Work to be completed: Copy all data exactly. Skip pictures.

-- Raw data follows --

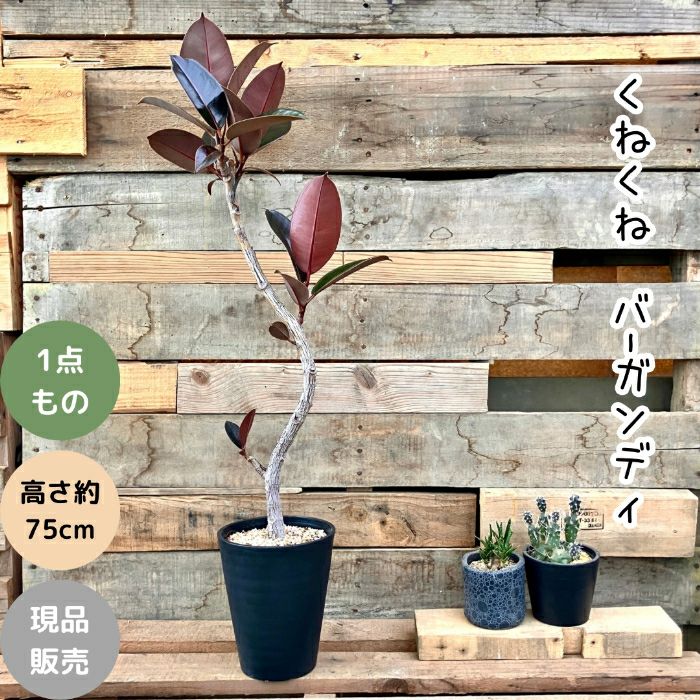 観葉植物現品販売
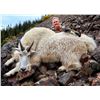 Image 1 : Northern BC Trophy Mountain Goat Hunt 2024
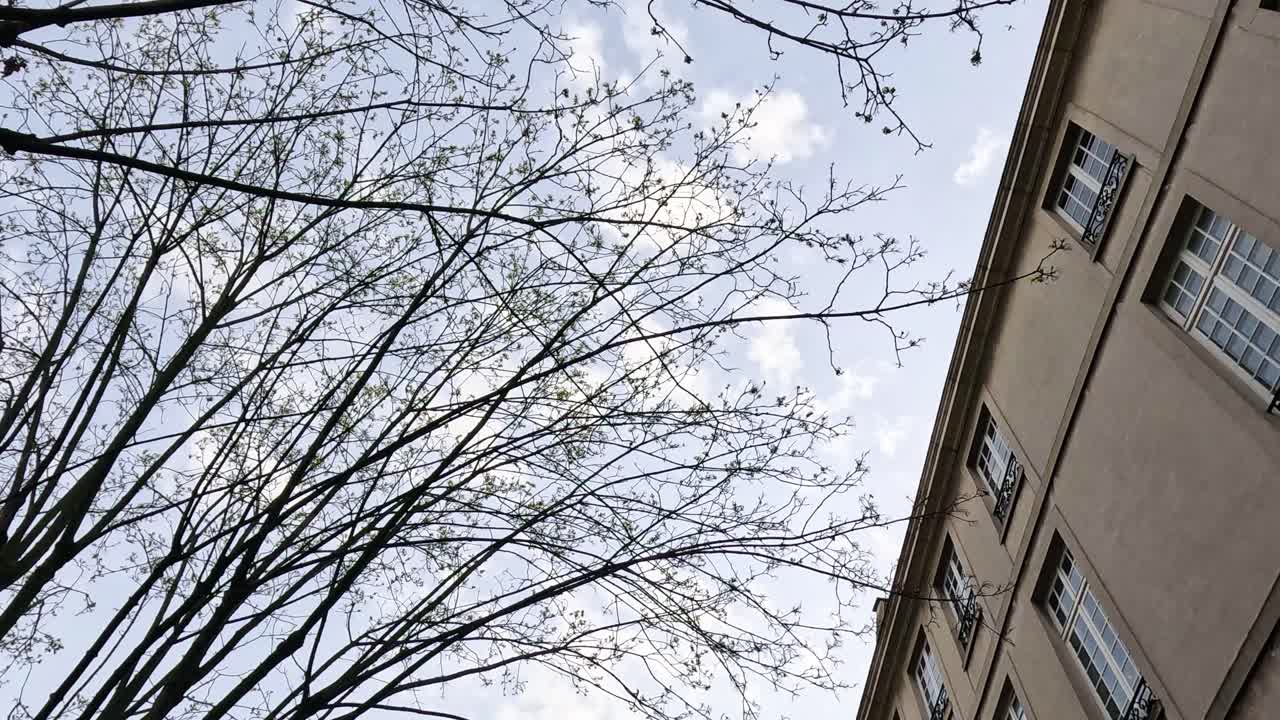 건물 배경에 대한 나무 가지의 타임 라프스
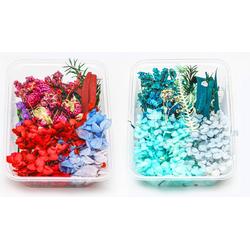 2 Stuks - Natuurlijke Gedroogde Bloemen - Set Gemengde Geperste Droge Bloemen - Diy - Geschikt voor  Kaarsen Maken/ Hars/ Sieraden/ Bloem Maken/ Craft - Rood - Blauw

-- Raw data concluded --

Output for this exercise:
 観葉植物現品販売
 Image 1 : Northern BC Trophy Mountain Goat Hunt 2024
 건물 배경에 대한 나무 가지의 타임 라프스
 2 Stuks - Natuurlijke Gedroogde Bloemen - Set Gemengde Geperste Droge Bloemen - Diy - Geschikt voor  Kaarsen Maken/ Hars/ Sieraden/ Bloem Maken/ Craft - Rood - Blauw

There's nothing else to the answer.